AVAILABLE DATA:
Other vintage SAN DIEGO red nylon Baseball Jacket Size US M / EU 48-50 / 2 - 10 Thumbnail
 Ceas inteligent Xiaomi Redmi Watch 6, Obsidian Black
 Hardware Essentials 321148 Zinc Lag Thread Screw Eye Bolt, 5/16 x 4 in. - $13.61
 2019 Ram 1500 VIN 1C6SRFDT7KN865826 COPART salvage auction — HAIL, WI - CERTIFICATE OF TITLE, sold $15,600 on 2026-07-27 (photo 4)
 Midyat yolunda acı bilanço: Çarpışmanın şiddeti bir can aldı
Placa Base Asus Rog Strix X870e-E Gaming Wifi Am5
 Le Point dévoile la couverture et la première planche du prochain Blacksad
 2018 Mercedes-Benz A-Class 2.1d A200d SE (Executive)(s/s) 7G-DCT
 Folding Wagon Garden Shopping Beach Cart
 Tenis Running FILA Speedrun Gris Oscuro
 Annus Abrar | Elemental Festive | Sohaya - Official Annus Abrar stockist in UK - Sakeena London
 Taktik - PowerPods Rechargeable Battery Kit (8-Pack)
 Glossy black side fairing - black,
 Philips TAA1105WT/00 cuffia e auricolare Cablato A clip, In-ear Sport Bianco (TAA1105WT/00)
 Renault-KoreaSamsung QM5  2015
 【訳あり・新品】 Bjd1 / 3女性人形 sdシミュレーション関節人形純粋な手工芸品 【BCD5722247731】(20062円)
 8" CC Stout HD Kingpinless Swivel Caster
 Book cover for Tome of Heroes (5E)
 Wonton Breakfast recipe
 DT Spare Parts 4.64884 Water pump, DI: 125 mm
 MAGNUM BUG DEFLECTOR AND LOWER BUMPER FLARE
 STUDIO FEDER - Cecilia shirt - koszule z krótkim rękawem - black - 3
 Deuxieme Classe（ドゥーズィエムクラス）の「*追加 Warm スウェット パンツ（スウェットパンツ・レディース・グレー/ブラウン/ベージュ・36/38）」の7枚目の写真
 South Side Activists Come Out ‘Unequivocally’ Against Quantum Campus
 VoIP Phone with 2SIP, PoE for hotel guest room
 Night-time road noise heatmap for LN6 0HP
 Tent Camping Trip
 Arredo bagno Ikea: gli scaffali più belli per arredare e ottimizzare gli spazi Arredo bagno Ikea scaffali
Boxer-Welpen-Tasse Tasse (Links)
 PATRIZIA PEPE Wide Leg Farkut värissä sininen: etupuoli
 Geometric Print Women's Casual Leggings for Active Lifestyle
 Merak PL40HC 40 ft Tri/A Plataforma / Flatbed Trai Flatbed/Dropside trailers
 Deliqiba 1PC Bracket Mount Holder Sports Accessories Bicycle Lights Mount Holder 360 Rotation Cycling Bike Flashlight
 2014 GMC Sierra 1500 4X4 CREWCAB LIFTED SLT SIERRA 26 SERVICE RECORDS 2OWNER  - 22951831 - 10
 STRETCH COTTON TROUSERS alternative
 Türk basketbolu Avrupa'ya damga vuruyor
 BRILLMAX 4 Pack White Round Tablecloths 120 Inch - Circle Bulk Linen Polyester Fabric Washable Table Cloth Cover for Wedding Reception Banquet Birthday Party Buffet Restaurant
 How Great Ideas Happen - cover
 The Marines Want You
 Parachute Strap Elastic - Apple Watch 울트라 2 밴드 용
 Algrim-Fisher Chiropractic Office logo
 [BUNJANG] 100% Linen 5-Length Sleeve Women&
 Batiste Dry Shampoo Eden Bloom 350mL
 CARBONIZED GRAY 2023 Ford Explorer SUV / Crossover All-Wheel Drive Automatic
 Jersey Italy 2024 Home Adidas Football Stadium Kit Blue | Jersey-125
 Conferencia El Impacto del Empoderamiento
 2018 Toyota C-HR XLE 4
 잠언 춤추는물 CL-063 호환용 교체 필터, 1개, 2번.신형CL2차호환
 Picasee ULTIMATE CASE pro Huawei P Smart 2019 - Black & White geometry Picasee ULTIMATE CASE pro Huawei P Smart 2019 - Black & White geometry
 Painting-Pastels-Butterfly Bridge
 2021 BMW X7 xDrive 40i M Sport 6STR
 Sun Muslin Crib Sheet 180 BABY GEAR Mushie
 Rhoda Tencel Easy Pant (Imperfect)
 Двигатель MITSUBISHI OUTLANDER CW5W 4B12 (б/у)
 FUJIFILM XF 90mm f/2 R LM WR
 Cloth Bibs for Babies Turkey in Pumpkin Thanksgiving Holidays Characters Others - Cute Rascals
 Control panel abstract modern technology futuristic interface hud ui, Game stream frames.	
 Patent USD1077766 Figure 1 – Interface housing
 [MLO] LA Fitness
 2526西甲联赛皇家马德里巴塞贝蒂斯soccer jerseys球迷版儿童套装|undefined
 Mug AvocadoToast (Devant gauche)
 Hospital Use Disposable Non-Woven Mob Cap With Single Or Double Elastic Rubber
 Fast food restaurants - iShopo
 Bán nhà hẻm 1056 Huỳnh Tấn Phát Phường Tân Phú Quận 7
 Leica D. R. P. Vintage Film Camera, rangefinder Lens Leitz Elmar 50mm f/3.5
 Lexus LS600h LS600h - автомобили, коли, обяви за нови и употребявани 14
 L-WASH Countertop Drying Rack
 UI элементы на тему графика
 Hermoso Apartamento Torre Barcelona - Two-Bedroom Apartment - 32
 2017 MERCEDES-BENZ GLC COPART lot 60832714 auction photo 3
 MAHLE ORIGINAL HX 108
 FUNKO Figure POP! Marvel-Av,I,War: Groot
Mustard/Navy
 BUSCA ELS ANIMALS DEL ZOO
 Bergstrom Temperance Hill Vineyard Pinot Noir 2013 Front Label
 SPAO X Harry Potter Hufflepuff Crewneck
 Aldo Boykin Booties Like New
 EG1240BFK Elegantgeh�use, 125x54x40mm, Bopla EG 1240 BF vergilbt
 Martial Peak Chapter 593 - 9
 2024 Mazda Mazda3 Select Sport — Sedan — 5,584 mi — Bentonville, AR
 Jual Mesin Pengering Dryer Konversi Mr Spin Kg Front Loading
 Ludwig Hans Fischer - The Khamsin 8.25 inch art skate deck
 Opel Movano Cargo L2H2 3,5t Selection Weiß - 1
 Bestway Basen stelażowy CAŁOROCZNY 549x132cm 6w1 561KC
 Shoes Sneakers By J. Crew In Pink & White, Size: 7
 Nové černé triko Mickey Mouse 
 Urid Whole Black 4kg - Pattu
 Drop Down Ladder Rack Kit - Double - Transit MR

YOUR INSTRUCTIONS: Scan the entries above for the string "White" and copy each line that contains it.

RESULT FOR THIS TASK:
 BRILLMAX 4 Pack White Round Tablecloths 120 Inch - Circle Bulk Linen Polyester Fabric Washable Table Cloth Cover for Wedding Reception Banquet Birthday Party Buffet Restaurant
 Picasee ULTIMATE CASE pro Huawei P Smart 2019 - Black & White geometry Picasee ULTIMATE CASE pro Huawei P Smart 2019 - Black & White geometry
 Shoes Sneakers By J. Crew In Pink & White, Size: 7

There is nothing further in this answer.